Reversibility, the second icon, was the Court’s power to correct things after having lost its way in the forest. Occasionally that could happen if the Court had issued a line of misguided opinions that followed some dumb theory. To fix that, the Court had the right to abandon the mistaken route. Reverse course. Trudge the long way back to the fork in the trail where the wrong turn had been made. And then head briskly off in the better direction.

This was an important power, because there was no higher authority ensconced in another grand Greek-revival temple across the Potomac to set the Court back on the right path. The Court had to do that course reversal for itself. And in grand style sometimes did. To make things better. At least in the old days.

When it comes to these two talismanic tests for useful Court opinions, Alice fails. Both.

I know this because last Thursday on the 7:02 train into Boston, I wasted a few drowsy minutes trying to skim the opinion. It was tough sledding. Hard to follow. Didn’t hang together.

Then I noticed that I was holding the pages upside down.

So I turned the sheets right-side up and skimmed them again. No better.

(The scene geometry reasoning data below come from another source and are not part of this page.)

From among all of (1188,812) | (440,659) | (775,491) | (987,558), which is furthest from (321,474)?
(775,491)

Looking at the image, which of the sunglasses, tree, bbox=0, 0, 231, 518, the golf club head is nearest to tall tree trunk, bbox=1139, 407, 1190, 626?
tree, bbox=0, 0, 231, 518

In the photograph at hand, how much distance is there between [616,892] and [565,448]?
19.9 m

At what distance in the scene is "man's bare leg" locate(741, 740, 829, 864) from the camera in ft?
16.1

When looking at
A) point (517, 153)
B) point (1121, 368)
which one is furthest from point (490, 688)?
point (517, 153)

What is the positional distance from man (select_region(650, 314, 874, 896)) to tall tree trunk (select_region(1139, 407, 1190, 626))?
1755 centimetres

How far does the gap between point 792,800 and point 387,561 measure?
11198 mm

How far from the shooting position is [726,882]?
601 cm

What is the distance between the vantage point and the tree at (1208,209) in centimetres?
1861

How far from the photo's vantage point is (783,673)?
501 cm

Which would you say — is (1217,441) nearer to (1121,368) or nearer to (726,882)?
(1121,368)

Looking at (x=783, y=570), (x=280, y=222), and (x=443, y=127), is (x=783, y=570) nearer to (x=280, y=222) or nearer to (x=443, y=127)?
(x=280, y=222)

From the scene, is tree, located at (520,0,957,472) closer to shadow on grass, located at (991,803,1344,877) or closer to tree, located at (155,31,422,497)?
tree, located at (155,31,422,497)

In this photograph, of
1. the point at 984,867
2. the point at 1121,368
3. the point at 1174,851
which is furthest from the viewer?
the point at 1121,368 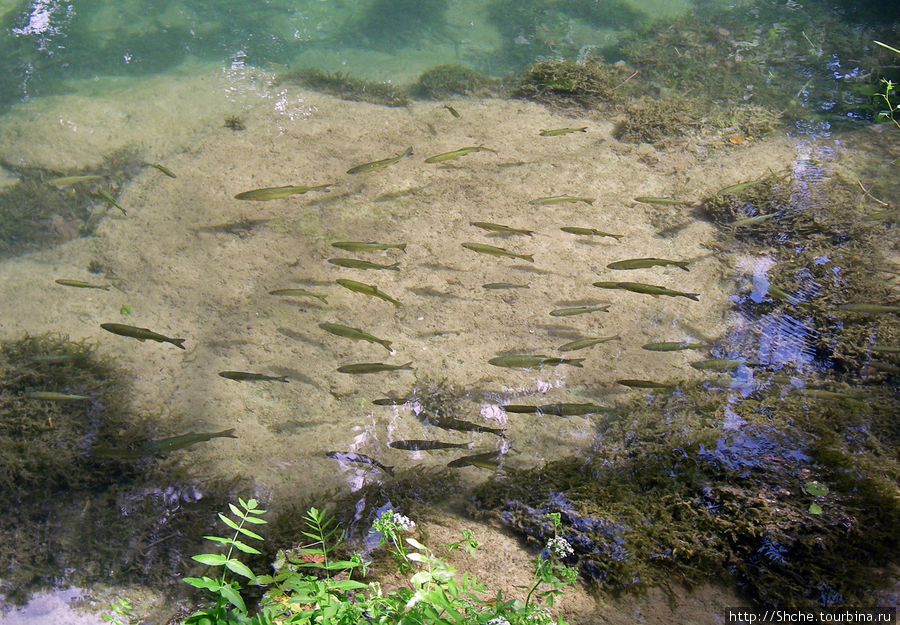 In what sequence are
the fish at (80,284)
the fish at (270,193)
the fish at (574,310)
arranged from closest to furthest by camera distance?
1. the fish at (574,310)
2. the fish at (80,284)
3. the fish at (270,193)

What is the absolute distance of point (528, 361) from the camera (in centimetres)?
438

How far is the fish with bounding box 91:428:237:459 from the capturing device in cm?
394

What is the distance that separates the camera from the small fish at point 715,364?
14.3 ft

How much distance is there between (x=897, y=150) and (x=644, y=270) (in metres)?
4.19

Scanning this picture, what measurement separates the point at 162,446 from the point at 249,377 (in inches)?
31.0

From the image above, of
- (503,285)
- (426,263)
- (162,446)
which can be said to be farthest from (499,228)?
(162,446)

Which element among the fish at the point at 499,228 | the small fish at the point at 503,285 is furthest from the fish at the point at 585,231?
the small fish at the point at 503,285

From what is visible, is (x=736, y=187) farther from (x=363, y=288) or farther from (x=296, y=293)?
(x=296, y=293)

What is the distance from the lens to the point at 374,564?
3242 mm

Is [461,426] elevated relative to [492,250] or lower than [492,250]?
lower

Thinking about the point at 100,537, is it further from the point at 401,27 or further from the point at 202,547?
the point at 401,27

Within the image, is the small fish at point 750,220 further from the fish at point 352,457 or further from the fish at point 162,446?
the fish at point 162,446

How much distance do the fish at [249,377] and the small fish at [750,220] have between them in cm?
483

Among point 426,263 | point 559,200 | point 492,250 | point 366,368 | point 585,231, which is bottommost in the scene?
point 366,368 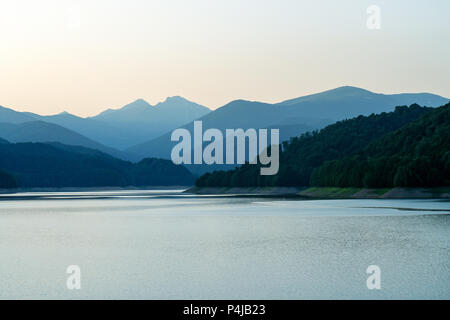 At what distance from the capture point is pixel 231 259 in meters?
55.5

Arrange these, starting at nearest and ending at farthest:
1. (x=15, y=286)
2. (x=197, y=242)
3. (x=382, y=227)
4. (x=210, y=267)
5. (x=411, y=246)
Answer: (x=15, y=286) → (x=210, y=267) → (x=411, y=246) → (x=197, y=242) → (x=382, y=227)

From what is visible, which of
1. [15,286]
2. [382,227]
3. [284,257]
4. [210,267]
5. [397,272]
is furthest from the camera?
[382,227]

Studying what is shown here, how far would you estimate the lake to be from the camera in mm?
41250

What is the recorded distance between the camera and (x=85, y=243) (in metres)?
70.4

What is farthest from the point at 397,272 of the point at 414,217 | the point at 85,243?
the point at 414,217

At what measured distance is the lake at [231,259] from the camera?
41.2 meters

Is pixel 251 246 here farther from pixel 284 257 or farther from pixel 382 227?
pixel 382 227

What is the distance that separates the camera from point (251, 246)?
65.0 metres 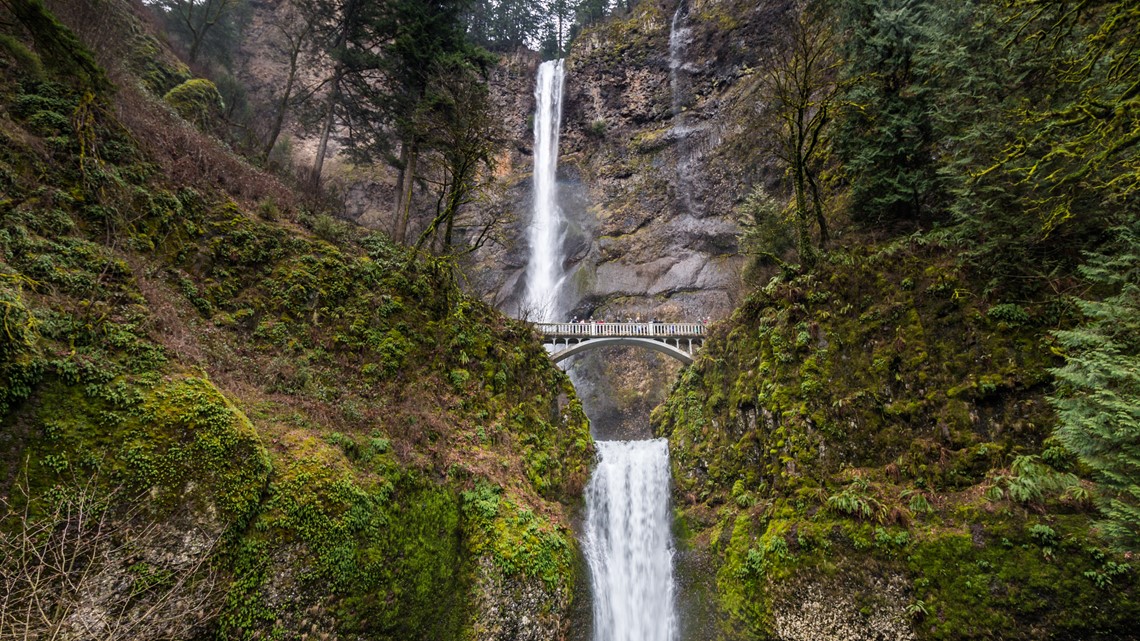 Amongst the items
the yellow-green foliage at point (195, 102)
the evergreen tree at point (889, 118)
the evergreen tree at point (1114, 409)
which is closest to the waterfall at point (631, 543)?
the evergreen tree at point (1114, 409)

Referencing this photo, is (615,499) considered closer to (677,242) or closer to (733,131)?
(677,242)

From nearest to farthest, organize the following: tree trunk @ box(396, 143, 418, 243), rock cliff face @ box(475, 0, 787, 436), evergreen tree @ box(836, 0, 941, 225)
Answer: evergreen tree @ box(836, 0, 941, 225) → tree trunk @ box(396, 143, 418, 243) → rock cliff face @ box(475, 0, 787, 436)

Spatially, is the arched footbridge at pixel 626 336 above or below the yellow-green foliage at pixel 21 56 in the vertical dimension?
below

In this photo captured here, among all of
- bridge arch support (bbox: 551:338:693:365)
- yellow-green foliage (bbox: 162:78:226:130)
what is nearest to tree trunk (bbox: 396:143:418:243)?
yellow-green foliage (bbox: 162:78:226:130)

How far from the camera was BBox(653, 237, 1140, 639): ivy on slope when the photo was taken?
7.92 metres

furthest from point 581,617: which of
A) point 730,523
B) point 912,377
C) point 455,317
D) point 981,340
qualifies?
point 981,340

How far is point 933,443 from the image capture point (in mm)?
9883

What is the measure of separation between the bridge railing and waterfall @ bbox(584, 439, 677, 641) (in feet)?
27.1

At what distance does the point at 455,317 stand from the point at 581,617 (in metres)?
8.05

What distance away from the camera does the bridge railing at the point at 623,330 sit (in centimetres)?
2427

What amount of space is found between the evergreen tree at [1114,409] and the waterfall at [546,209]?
26447 mm

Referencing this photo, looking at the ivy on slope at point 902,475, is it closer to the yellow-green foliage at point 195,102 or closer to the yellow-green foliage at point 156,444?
the yellow-green foliage at point 156,444

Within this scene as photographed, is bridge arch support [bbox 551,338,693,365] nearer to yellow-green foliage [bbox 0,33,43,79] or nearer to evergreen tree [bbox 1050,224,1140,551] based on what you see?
evergreen tree [bbox 1050,224,1140,551]

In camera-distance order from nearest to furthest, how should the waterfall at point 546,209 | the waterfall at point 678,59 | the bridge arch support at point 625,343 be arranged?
1. the bridge arch support at point 625,343
2. the waterfall at point 546,209
3. the waterfall at point 678,59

For a moment, I wondered if rotating the pages sidewise would do the trick. Okay. I didn’t wonder that. Because I knew the words strung across the pages in whatever direction would still be impenetrable, defying me to make sense of them. I declined the challenge.

What I did manage to glean from my failed attempts were three puzzling concepts that hung in the fog as we rounded the turn into Somerville: “abstract idea”; “preemption”; “substantially more”. Almost meaningless individually, these three were strung together in an odd-ball elusive chain that was even less decipherable: You can’t get a patent for an abstract idea if your claim preempts its use, unless what you claim is substantially more than the abstract idea. (If the writer had understood patent claims, he would have written “substantially less”, of course, but now we are stuck with the wrong phrase it seems.)

Has Alice made the rule of law clear? No. The Court invites each of the courts below to follow its own whim, or its own dogmatic leanings, or worse.

Has Alice demonstrated the Court’s wisdom in sometimes reversing course? Hardly. Instead they chose to continue hacking through the underbrush of 150 years of vague doctrine looking for the light.

As we slid into North Station, I woke up from my snooze. But not from the nightmare.